Otherwise, the authentication cookie was most likely received from
a client that does not support origin checking. The method then
proceeds to block 310 to continue processing the request.
[0052] Otherwise, the server checks to determine if a composite
client ID value has also been received (block 306). If a composite
client ID has been received, it is compared to the decrypted
composite client ID in the authentication cookie (block 308). If
they match, the request is most likely from the same client that
previously requested personalized or private data. The server
continues to process the request (block 310).
[0053] If a composite client ID is not received at block 306, or if
the composite client ID does not match the decrypted composite
client ID from the authentication cookie, then the server
de-authenticates the client (block 312). Here the server may refuse
to provide personalized or private data to the requesting client on
the assumption that a different client issued the request than the
original client. In some embodiments, the server may re-issue a
sign-on request page in order to have the client provide the
appropriate credentials (e.g. user ID and password) in order to
allow the client to view the personalized or private data.
[0054] In some cases, a user may disallow cookies during a browser
session. In this case, the server may detect that a composite
client ID is not received and re-issue a sign-on request page
forcing the user provide the appropriate credentials to regain
access to pages containing personalized or private data. If cookies
are disallowed, the server will not receive composite client ID
values in subsequent responses and in some embodiments the server
will no longer check to make sure requests for personalized data
are coming from the same client as previous requests.
[0055] Similarly, a user may delete cookies during a browser
session. Like the case described above, the server may detect that
a composite client ID is not received and re-issue a sign-on page
forcing the user provide the appropriate credentials to regain
access to pages containing personalized or private data.

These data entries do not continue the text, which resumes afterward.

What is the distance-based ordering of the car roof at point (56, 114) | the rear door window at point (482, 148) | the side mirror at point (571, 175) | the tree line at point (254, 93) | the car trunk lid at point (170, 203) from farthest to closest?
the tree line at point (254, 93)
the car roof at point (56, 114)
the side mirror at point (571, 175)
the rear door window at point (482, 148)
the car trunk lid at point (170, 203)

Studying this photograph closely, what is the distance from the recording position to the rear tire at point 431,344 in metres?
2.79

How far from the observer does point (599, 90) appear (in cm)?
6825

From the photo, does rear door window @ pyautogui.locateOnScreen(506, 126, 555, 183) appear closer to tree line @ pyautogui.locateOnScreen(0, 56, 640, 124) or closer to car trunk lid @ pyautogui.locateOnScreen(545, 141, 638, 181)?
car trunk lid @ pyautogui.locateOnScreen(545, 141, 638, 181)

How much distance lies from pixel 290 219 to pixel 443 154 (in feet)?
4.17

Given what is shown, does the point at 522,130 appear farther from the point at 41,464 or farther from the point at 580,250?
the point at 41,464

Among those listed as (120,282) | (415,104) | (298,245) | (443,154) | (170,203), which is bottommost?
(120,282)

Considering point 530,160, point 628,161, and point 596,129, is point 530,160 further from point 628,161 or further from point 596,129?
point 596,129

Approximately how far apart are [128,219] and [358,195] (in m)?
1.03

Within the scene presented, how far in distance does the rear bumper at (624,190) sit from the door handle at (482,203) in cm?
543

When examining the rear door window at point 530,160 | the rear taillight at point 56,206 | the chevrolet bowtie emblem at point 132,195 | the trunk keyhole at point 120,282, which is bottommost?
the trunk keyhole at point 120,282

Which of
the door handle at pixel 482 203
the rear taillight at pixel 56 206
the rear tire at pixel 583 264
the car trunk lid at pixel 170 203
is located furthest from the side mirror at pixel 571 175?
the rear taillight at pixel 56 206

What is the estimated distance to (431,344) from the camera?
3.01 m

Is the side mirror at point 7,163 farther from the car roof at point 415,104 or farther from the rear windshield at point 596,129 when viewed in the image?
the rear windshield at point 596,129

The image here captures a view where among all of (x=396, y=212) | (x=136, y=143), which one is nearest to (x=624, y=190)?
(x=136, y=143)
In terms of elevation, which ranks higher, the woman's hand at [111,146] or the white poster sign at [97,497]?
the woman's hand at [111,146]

However in
this case, a subsequent response will contain a new composite
client ID value, and the server will continue to check to make sure
requests for personalized data are coming from the same client as
previous requests using the new composite client ID values
generated when the user provides sign-on credentials to request
personalized or private data.
[0056] FIG. 5 is a block diagram illustrating an example message
sequence produced in accordance with embodiments of the invention.
The example message sequence begins when client 120 issues request
502 to server 110 to obtain a sign-in page. The request may be
routed through a proxy server 104.
[0057] Server 110 then creates a GUID (Globally Unique Identifier)

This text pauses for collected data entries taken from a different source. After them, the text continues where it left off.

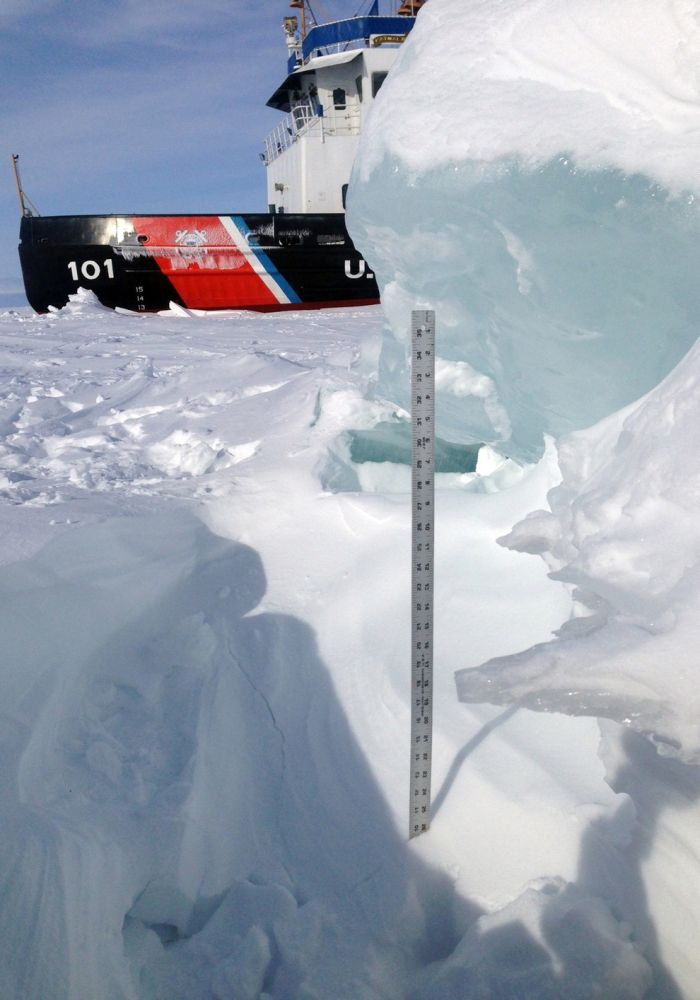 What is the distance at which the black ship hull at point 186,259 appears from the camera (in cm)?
1155

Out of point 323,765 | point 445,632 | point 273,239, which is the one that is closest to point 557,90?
point 445,632

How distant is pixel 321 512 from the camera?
2.89 metres

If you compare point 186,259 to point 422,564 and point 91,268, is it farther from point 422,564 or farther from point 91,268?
point 422,564

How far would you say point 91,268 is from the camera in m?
11.7

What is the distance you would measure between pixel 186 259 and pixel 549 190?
10.9 meters

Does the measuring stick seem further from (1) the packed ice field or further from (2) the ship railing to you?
(2) the ship railing

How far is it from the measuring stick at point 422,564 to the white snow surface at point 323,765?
0.14m

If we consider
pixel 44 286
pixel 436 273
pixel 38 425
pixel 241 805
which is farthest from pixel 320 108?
pixel 241 805

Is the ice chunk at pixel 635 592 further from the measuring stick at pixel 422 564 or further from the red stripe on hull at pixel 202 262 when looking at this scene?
the red stripe on hull at pixel 202 262

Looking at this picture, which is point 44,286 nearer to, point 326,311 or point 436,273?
point 326,311

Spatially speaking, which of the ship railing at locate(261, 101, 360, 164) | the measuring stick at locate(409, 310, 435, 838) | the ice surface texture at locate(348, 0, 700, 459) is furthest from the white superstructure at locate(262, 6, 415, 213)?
the measuring stick at locate(409, 310, 435, 838)

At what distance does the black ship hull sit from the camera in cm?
1155

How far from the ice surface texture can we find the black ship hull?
9656 mm

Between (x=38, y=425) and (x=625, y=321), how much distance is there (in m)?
3.89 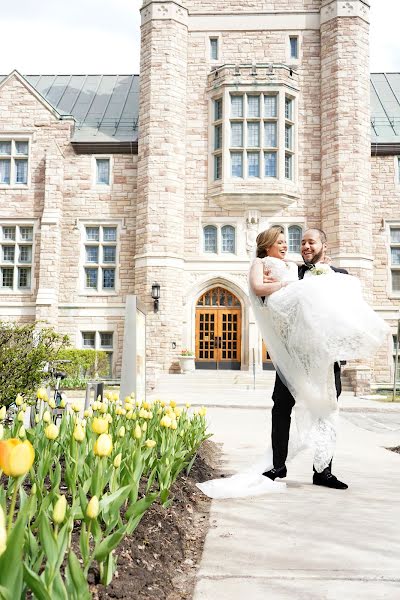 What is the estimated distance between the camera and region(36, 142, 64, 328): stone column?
65.6 feet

and assigns a server generated client ID. The server generated ID
is sent to client 120 as part of response message 504. The response
message may be securely sent using HTTPS.
[0058] Client 120 then generates a client side ID to append to the
server generated ID and also generates a hash value to append to
the composite client ID. The client then issues a request
containing sign-in credentials and a client ID cookie containing
the composite client ID in request message 506.
[0059] Server 110 authenticates the users credentials in message
506, and using a secret salt value associated with the user
encrypts the composite client ID sent from the client. The
encrypted value may be inserted into a signed authentication
cookie. In addition, in some embodiments, a transformed value of
the client ID is sent in a personalization cookie. The
authentication cookie and the personalization cookie may be sent to
the client in response 508. However, as noted above, the client ID
is not returned to the server in a clear text form.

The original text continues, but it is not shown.